§ The problem
Print this span of the material below exactly: the line with "Dobermann Portrait /", the line with "Colorful Local Markets of Sapa Tour", and every line between them, but nothing else.

§ Available data
---
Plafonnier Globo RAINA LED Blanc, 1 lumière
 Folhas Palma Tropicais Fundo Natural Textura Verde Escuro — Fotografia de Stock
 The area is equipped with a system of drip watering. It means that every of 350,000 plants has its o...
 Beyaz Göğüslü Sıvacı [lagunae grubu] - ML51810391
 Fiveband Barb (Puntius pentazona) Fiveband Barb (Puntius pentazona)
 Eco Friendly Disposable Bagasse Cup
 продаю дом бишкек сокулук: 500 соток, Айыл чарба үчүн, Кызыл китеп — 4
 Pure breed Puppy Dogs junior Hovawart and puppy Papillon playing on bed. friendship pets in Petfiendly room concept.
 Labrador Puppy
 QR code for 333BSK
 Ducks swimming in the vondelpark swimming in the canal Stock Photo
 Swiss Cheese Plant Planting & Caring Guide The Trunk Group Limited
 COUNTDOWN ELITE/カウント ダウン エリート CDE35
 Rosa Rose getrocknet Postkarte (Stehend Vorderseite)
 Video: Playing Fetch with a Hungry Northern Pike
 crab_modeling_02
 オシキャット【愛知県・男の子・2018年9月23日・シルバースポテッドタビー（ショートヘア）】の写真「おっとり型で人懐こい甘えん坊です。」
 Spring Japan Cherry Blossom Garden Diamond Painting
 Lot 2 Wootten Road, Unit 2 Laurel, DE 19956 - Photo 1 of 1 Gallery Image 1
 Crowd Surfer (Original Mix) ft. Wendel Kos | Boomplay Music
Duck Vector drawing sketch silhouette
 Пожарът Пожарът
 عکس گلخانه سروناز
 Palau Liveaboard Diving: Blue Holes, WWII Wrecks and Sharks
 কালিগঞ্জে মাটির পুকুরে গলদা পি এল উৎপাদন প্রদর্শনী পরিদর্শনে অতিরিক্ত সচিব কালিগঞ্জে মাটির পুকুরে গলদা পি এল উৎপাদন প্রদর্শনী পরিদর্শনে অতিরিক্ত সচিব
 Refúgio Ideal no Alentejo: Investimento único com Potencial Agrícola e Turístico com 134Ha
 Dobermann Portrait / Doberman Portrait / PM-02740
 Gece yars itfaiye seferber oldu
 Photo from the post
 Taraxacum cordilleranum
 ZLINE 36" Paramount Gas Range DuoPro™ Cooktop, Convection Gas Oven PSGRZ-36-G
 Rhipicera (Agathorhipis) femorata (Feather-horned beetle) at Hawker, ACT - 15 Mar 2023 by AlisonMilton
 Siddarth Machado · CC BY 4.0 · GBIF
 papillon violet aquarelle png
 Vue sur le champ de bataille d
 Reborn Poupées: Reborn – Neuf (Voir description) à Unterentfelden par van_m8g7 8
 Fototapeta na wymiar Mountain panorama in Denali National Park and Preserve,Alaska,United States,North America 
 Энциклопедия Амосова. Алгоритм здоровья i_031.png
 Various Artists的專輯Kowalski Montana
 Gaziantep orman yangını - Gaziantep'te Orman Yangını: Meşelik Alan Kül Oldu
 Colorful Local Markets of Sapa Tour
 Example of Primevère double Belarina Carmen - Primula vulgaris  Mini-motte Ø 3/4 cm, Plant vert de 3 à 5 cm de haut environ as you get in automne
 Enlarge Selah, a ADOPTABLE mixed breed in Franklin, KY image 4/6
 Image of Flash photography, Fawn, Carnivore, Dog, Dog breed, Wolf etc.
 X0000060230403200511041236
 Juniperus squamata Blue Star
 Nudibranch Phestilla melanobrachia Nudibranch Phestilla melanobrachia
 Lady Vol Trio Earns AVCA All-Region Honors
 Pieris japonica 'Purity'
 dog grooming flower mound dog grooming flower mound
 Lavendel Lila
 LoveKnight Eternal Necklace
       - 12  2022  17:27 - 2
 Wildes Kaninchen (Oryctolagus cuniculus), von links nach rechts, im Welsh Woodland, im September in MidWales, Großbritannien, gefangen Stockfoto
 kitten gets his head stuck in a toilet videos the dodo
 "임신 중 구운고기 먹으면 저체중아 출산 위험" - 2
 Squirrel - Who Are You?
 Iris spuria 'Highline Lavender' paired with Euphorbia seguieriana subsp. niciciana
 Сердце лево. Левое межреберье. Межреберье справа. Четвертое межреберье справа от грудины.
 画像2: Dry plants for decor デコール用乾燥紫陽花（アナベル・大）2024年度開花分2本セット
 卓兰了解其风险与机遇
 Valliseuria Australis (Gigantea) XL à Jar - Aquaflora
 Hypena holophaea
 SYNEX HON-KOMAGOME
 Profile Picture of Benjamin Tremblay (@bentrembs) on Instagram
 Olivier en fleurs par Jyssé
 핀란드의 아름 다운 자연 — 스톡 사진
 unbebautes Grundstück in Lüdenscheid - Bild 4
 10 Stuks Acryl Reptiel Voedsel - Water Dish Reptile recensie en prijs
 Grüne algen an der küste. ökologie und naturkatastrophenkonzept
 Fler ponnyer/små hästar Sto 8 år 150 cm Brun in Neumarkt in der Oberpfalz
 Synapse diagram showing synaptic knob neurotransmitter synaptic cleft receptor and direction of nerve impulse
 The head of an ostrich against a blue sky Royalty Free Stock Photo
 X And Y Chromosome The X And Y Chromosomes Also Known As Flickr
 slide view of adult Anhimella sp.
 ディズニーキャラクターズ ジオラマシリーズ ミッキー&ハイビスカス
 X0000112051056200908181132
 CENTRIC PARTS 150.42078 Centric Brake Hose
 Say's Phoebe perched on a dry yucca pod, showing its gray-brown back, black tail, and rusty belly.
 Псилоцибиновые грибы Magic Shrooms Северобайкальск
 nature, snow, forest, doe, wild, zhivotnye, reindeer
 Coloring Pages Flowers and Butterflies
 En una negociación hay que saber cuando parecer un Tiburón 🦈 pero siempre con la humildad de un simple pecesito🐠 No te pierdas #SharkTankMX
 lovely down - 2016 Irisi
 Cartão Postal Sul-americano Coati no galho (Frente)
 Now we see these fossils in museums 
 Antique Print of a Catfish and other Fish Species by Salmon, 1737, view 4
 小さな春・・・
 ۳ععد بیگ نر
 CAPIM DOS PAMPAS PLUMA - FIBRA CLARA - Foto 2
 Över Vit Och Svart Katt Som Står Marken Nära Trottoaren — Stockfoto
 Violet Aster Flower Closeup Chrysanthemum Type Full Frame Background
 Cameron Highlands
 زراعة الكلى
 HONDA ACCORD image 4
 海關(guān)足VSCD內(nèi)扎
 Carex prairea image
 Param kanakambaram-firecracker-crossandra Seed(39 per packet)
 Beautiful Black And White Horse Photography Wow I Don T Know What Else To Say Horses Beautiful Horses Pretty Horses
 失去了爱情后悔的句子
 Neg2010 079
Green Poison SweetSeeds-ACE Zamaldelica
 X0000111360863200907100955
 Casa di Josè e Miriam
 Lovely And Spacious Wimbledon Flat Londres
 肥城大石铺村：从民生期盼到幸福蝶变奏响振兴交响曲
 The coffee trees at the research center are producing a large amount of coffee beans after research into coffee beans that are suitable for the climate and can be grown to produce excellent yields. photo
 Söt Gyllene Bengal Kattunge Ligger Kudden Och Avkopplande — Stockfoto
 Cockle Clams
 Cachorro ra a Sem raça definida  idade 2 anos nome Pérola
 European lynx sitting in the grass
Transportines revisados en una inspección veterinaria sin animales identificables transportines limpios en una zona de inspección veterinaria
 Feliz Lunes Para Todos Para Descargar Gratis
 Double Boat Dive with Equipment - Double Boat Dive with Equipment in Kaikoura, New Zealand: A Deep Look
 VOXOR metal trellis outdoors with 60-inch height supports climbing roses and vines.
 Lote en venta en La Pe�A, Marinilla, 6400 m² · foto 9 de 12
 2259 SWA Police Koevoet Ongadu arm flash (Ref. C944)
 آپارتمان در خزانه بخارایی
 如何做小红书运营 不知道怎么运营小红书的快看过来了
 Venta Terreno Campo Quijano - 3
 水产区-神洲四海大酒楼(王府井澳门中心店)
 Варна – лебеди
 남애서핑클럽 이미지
---
§ Finished exercise
 Dobermann Portrait / Doberman Portrait / PM-02740
 Gece yars itfaiye seferber oldu
 Photo from the post
 Taraxacum cordilleranum
 ZLINE 36" Paramount Gas Range DuoPro™ Cooktop, Convection Gas Oven PSGRZ-36-G
 Rhipicera (Agathorhipis) femorata (Feather-horned beetle) at Hawker, ACT - 15 Mar 2023 by AlisonMilton
 Siddarth Machado · CC BY 4.0 · GBIF
 papillon violet aquarelle png
 Vue sur le champ de bataille d
 Reborn Poupées: Reborn – Neuf (Voir description) à Unterentfelden par van_m8g7 8
 Fototapeta na wymiar Mountain panorama in Denali National Park and Preserve,Alaska,United States,North America 
 Энциклопедия Амосова. Алгоритм здоровья i_031.png
 Various Artists的專輯Kowalski Montana
 Gaziantep orman yangını - Gaziantep'te Orman Yangını: Meşelik Alan Kül Oldu
 Colorful Local Markets of Sapa Tour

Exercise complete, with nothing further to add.